• **Recorded data**
# # # # #

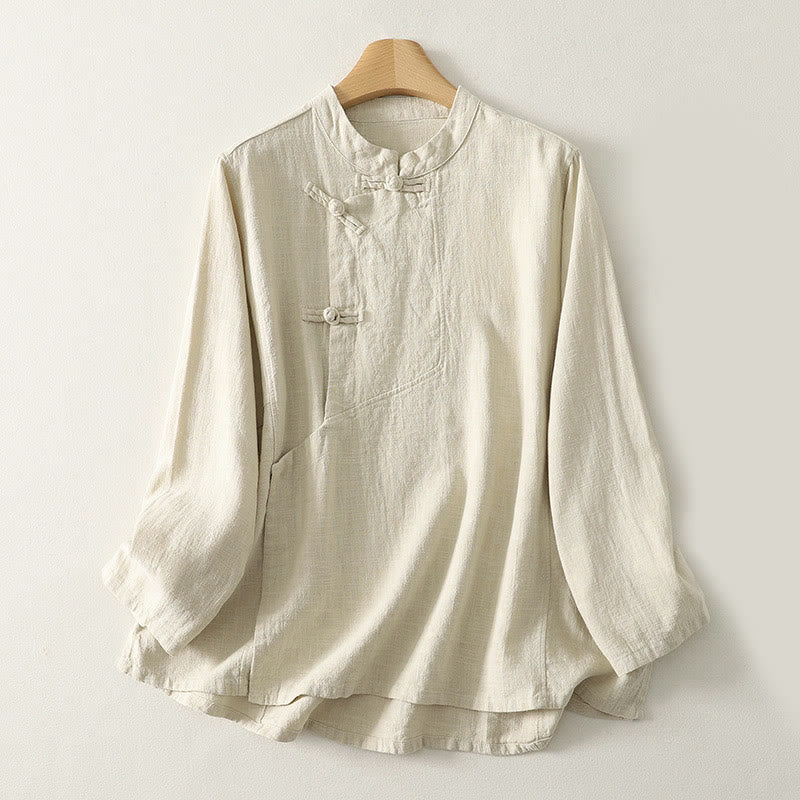 Buddha Stonesカジュアル 無地 フロッグボタン コットン レディース 長袖シャツ - ベージュ - US8-10，UK/AU12-14，EU40-42 (2XL) - image 6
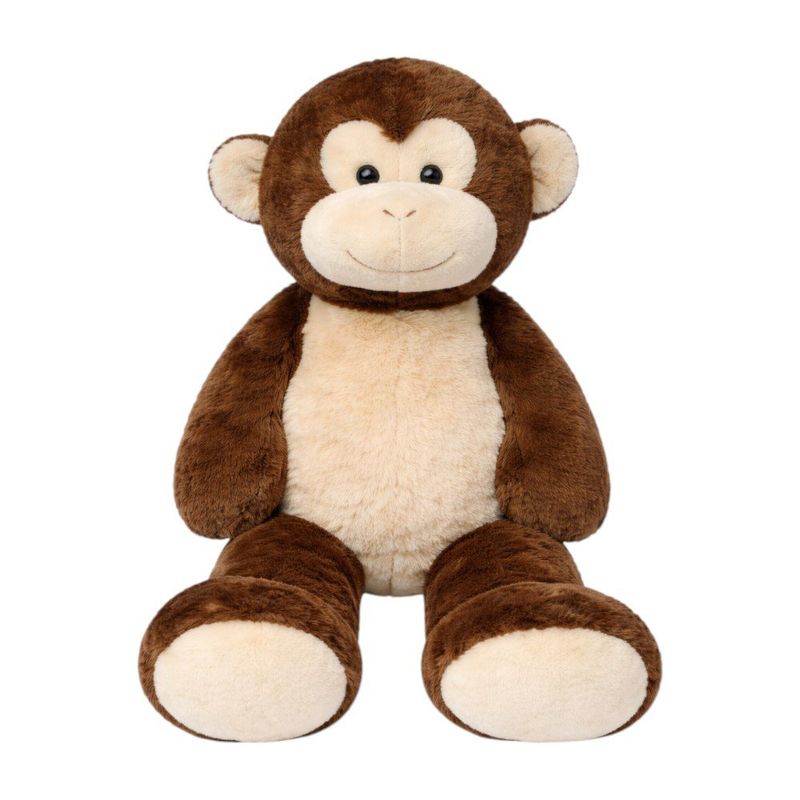 Peluche de Mono Grande Textura Afelpada Suave Color Café y Beige de 100 Cm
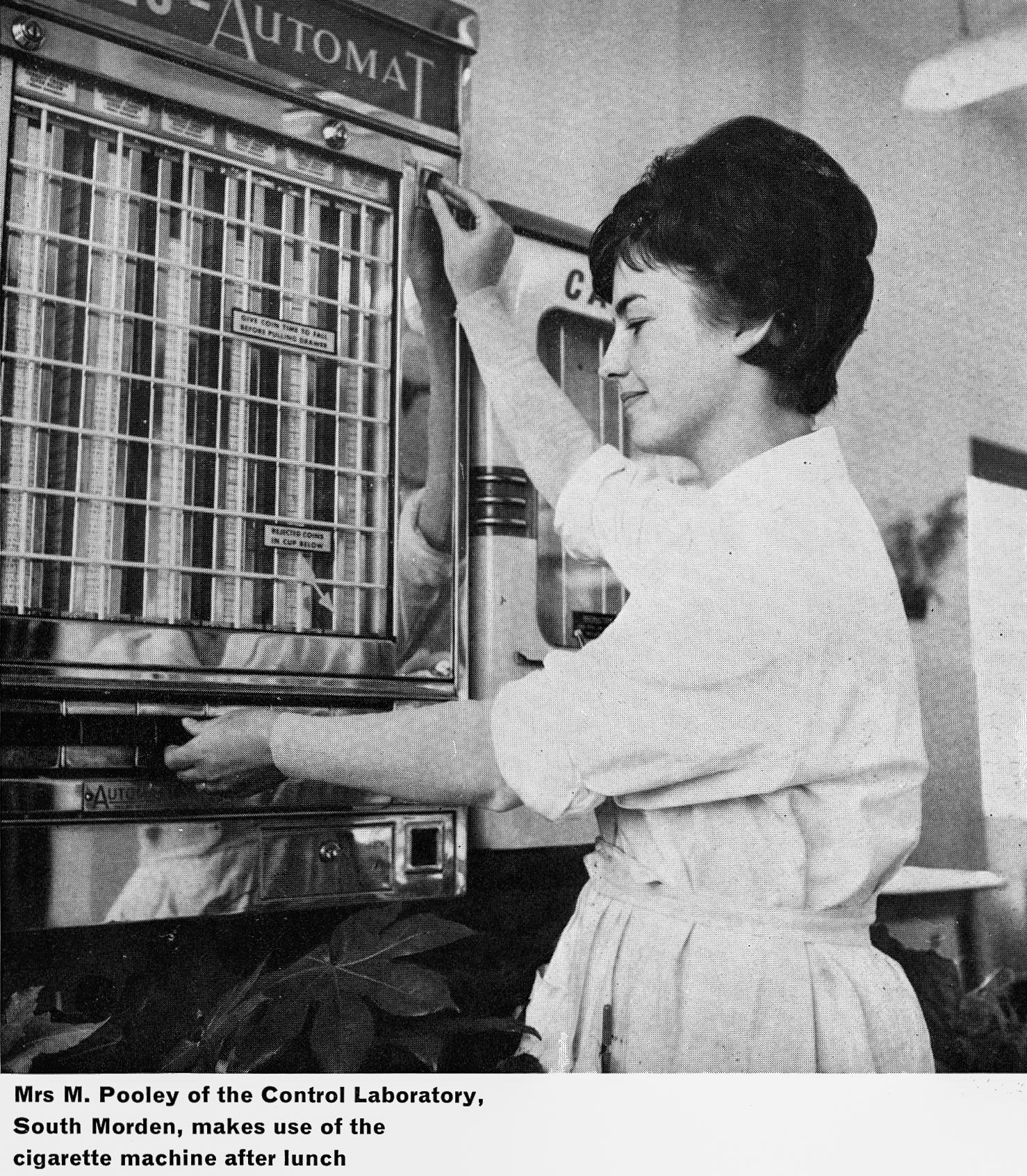 1963 Canteen user Mrs M. Pooley, South Morden Control Laboratory , from Staff Canteen Feature (Express News Autumn)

# # # # #

All that's required is the material above repeated exactly, minus any picture.

 Buddha Stonesカジュアル 無地 フロッグボタン コットン レディース 長袖シャツ - ベージュ - US8-10，UK/AU12-14，EU40-42 (2XL) - image 6
 Peluche de Mono Grande Textura Afelpada Suave Color Café y Beige de 100 Cm
 1963 Canteen user Mrs M. Pooley, South Morden Control Laboratory , from Staff Canteen Feature (Express News Autumn)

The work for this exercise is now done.